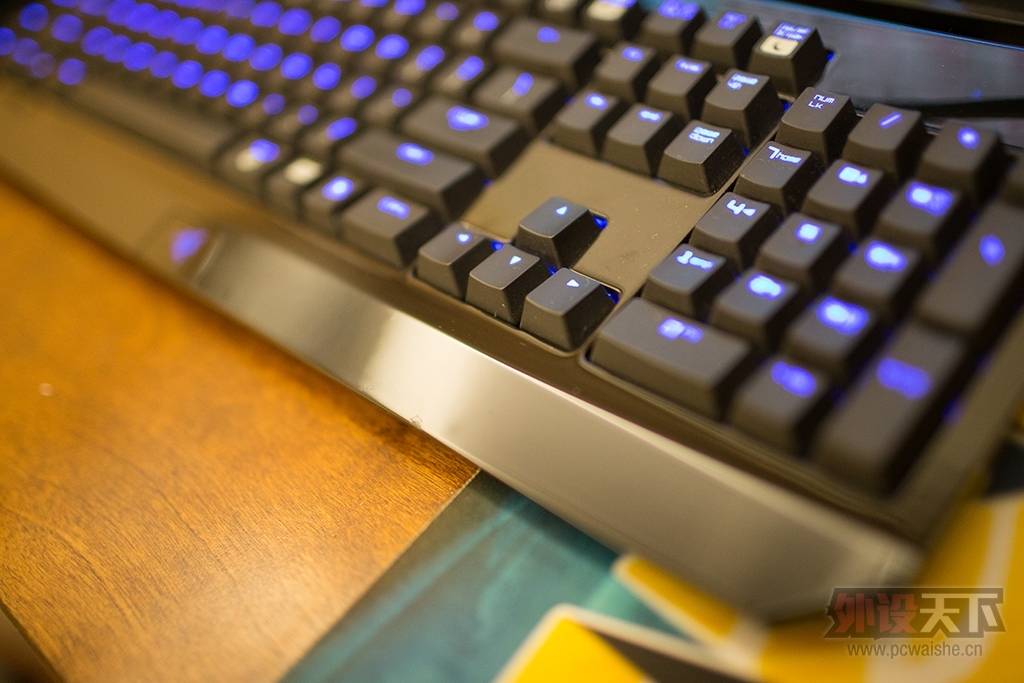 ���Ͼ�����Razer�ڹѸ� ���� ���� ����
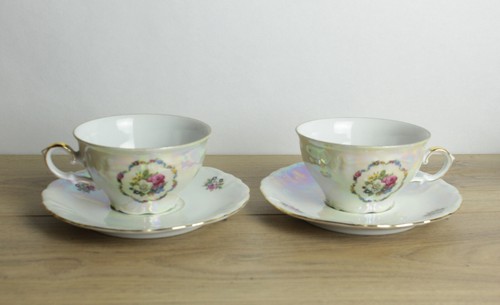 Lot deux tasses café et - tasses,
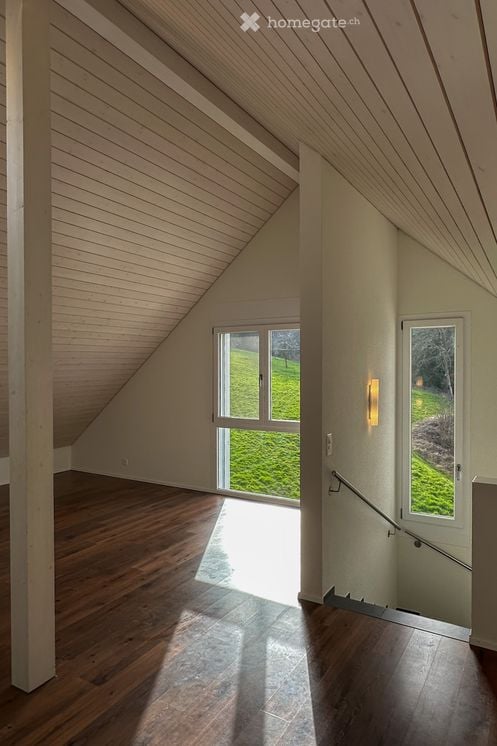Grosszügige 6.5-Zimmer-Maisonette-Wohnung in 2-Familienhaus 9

━━━━━━━━━━

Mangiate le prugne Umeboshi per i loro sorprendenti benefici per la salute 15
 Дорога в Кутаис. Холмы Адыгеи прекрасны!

━━━━━━━━━━

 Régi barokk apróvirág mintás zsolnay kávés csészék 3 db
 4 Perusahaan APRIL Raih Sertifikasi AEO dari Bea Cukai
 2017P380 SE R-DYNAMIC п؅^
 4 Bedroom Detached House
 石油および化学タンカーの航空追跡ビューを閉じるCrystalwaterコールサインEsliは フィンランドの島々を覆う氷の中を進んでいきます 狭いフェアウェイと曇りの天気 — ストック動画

━━━━━━━━━━

* [Problem to solve]:
In the listing above, locate the line with "Mangiate le prugne" and the line with "Дорога в Кутаис. Холмы Адыгеи прекрасны!", then extract exactly those lines and every line between them, and nothing more.

* [The answer]:
Mangiate le prugne Umeboshi per i loro sorprendenti benefici per la salute 15
 Дорога в Кутаис. Холмы Адыгеи прекрасны!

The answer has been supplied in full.